Change that leads to better lives

Hear my story

To celebrate Advocacy Awareness Week 2024, we’re sharing a blog from Nicola Grove, founder of Open Storytellers and Storysharing. In this blog they share why small personal stories are so important in advocacy.


AAW24 Nicola Grove
Photo of Nicola Grove and an AAW24 logo


We all know that if you want to change hearts and minds, you need to share stories. Facts, I’m afraid, don’t cut it. It’s when you hear and see what has happened to a person that you feel they are human like you. Their story connects with your experience. You see the world – just for a moment – through their eyes. You want things to change, and maybe you take action – even in a small way – to make that change come about. Without the story, it’s difficult to identify with people who are very different from you.

But who gets to tell their stories? And which voices are never heard?

My work focuses on people who face profound and multiple barriers to becoming part of society.
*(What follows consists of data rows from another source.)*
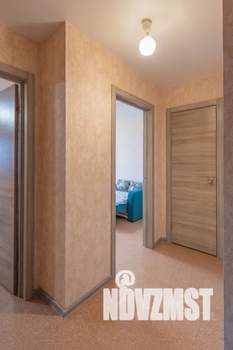 1-к квартира, посуточно, 37м2, 10/25 этаж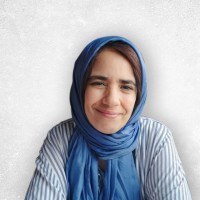 Malika Harif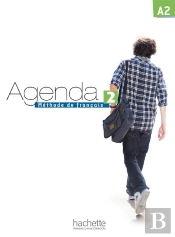 Agenda 2 - Livre De L'Élève (A2)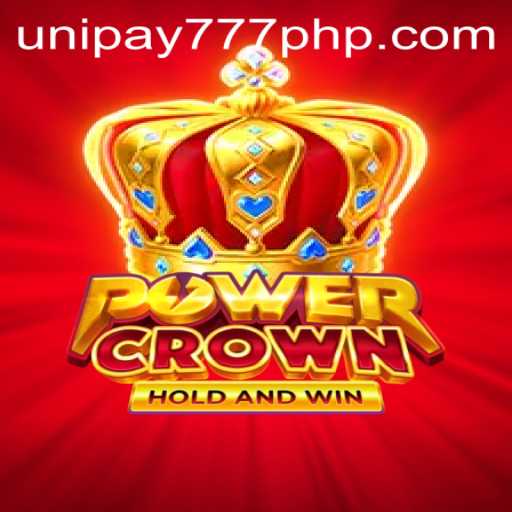 Enter the World of PowerCrown: The New Era of Gaming Awaits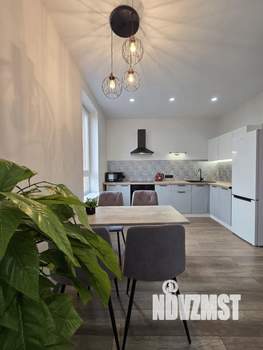 2-к квартира, на длительный срок, 43м2, 7/10 этаж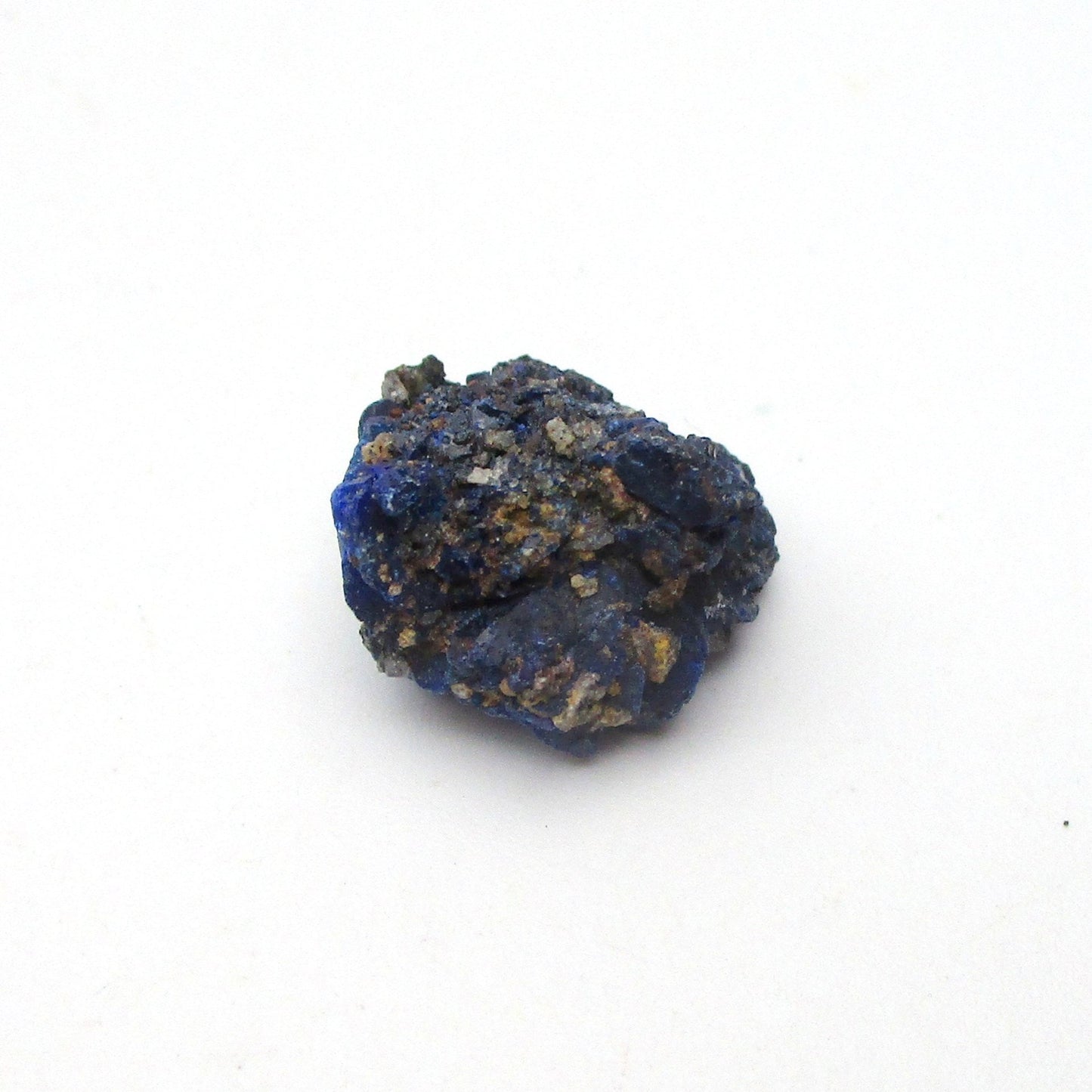 Azurite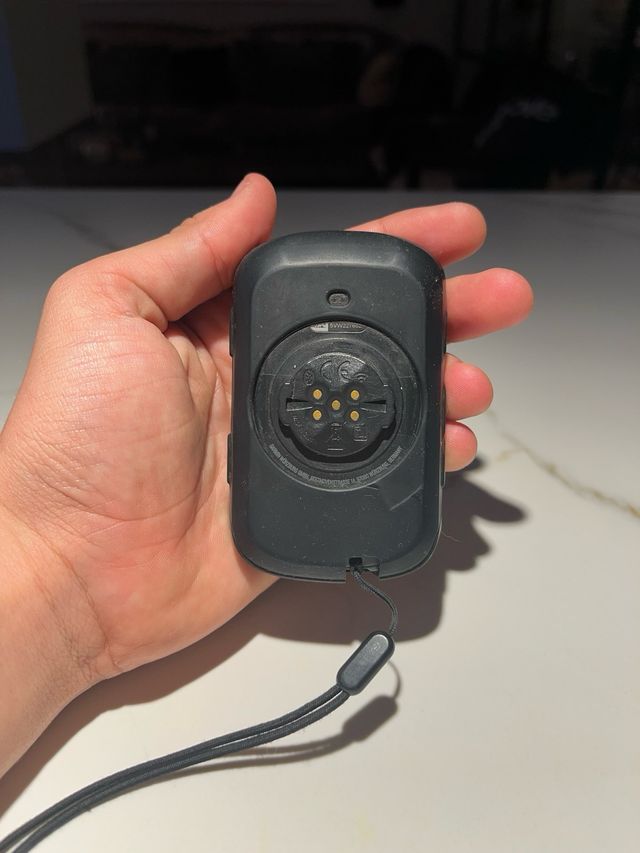 Garmin Edge 530 GPS Ciclismo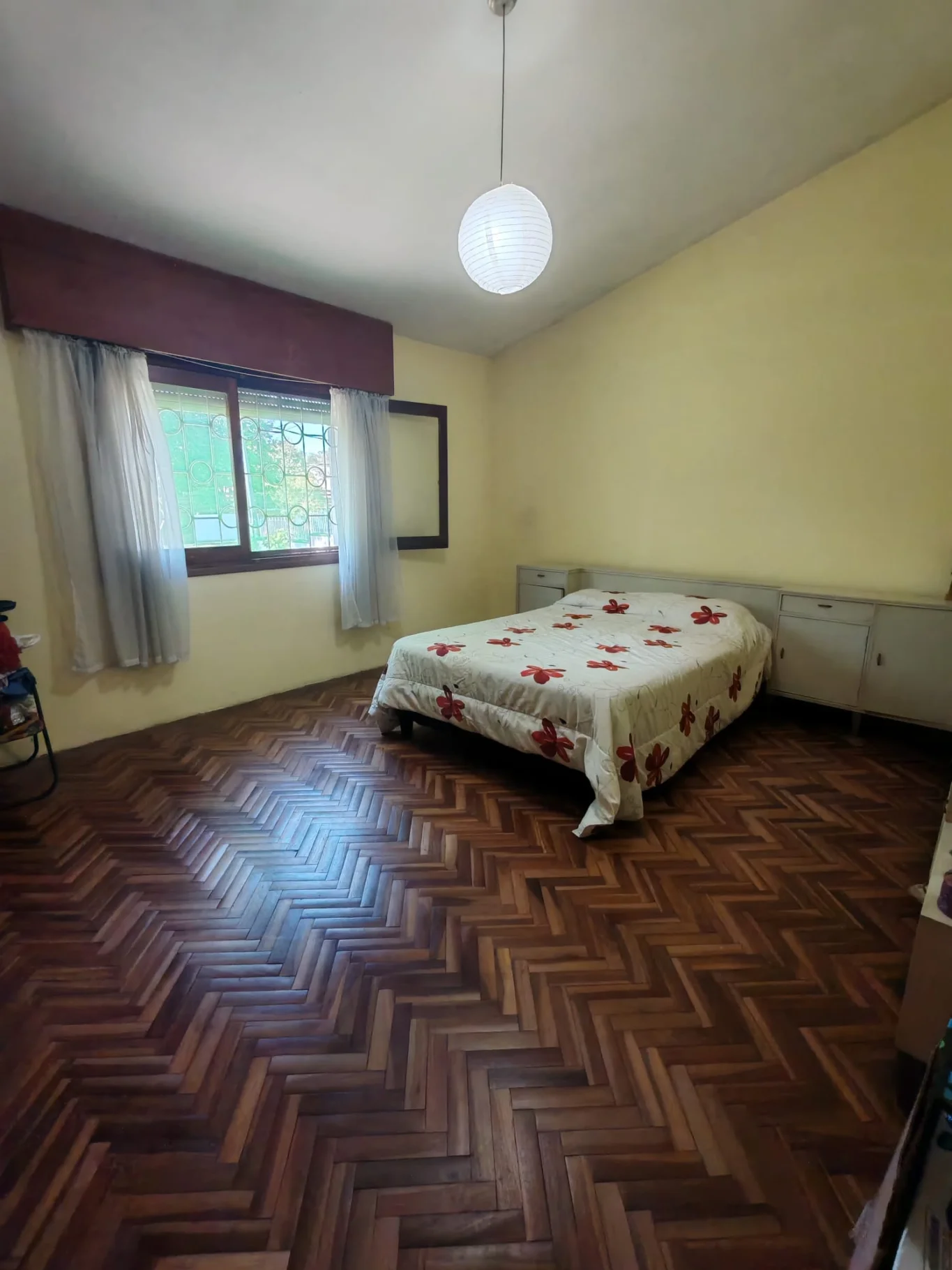 Casa en Nuevo París, propiedad 284209 -Imagen 10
They may not use speech or sign language, but they communicate in many of the same ways we do – through their bodies, through sound making, through using their eyes, their hands, their sensory responses. But how can they possibly tell a story? Surely you need words – you need to be able to talk or write or sign?

No.

You don’t.

Have a look at this short film.


Being a film of someone with complex needs, it's so important to explain to the audience the tiny aspects of what is going on that show us the significance of his storytelling.
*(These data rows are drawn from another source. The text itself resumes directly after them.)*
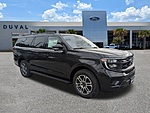New 2025 FORD EXPEDITION ACTIVE in JACKSONVILLE, FLORIDA (Photo 2)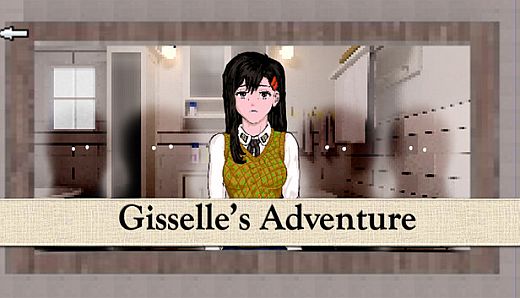 Gisselle's Adventure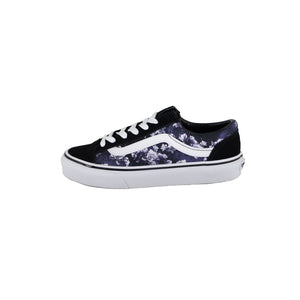 Vans UA Style 36 Galaxy Floral Sneaker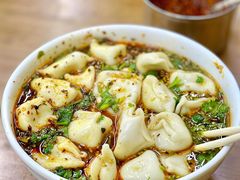 -回坊马二饺子馆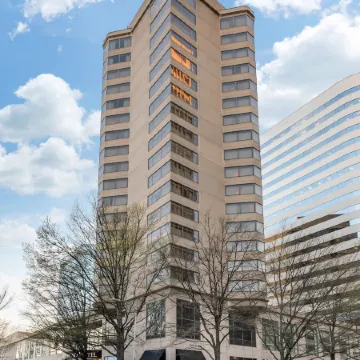 Omni Richmond Hotel
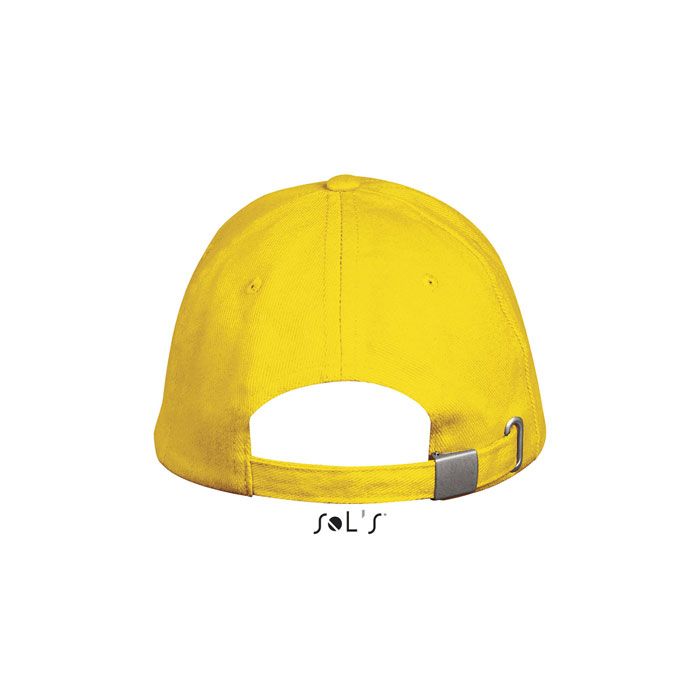 LONG BEACH, LONG BEACH CASQUETTE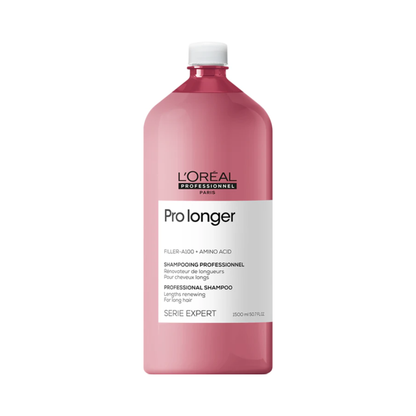 Шампунь для відновлення волосся по довжині Pro Longer L'Oréal Professionnel 1500 мл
This little boy doesn’t use words. But watch how he tells his story with his teacher. This was his first ever attempt to remember a story together, and it starts with the most important part, the splash! She does the talking, but he does the important bits to show how he joins in to “say” splash!, and to decide when he wants more and when he wants to finish.

Just like any other kid, he can be mischievous and playful. The next time they told the story, his teacher included the information about how he splashed her all over. And they tell it again and again, each time with him taking a more and more active role.
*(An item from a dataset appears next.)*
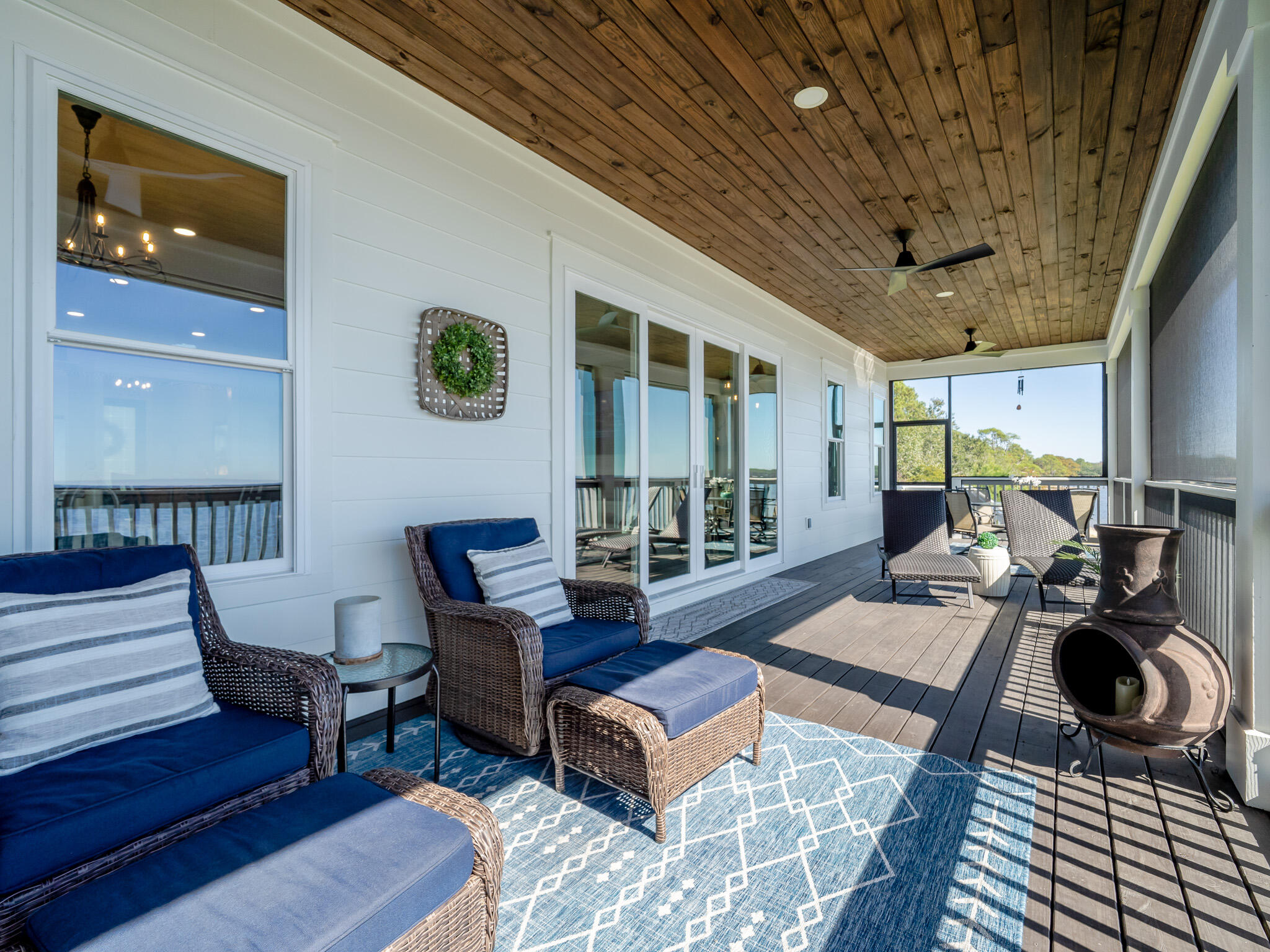 DOLPHIN COVE ESTATES T/H - Residential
This is where advocacy starts. By remembering and sharing what is important to us, every day of our lives and sharing that with other people. As we tell the stories, our memories develop and change and become part of us.

The film is an example of the practice of Storysharing®.

It’s an approach which is not like any other therapy or training.


Why?

  • Because we don’t start with big life stories.
  • We don’t start with likes and dislikes.
  • We don’t ask people to learn how to put a story together with who, what, where, when, why questions.
  • We don’t start with a film or a book.
  • We start with the kind of storytelling that the rest of us all do, all the time, every day.
  • We work with tiny stories that we share because of how the experience made us feel.
  • These stories are often told with others, and the best ones are told over and over again.

So we co-tell these stories and we look for all the possible ways that a person can join in.

And we tell face to face – whether that’s in person or online.

I started using this approach 20 years ago, when I was working as a speech and language therapist in a day service and I noticed how often staff told each other the tiny stories of what the members had done. What made everyone laugh, or cry, or feel fed up, or moved, or excited or even anxious.

But they never ever told those stories to or with the members themselves.


What happens if you never get to tell your story?

Well, we know, don’t we?

You shut up. Nobody’s interested. Nobody cares. You become an onlooker in your own life.

Or sometimes you hear your story told by other people on your behalf. It’s kind of ok, but…

You hear other people talking about you, but in the words of one colleague of mine who is a neurodiverse artist and storyteller, it’s like being a suit in M&S on a clothes hanger, sitting in the room.

Another inspirational person with learning disabilities, Brian Marshall from Openstorytellers, said: “They end up sitting, staring at walls. And that’s not right!”

Here is Brian demonstrating for the rights of everyone with a learning disability at a march in London.

AAW24 Brian March
A photo of Brian March in a blue jacket. He is at the front of a group of people who are holding placards.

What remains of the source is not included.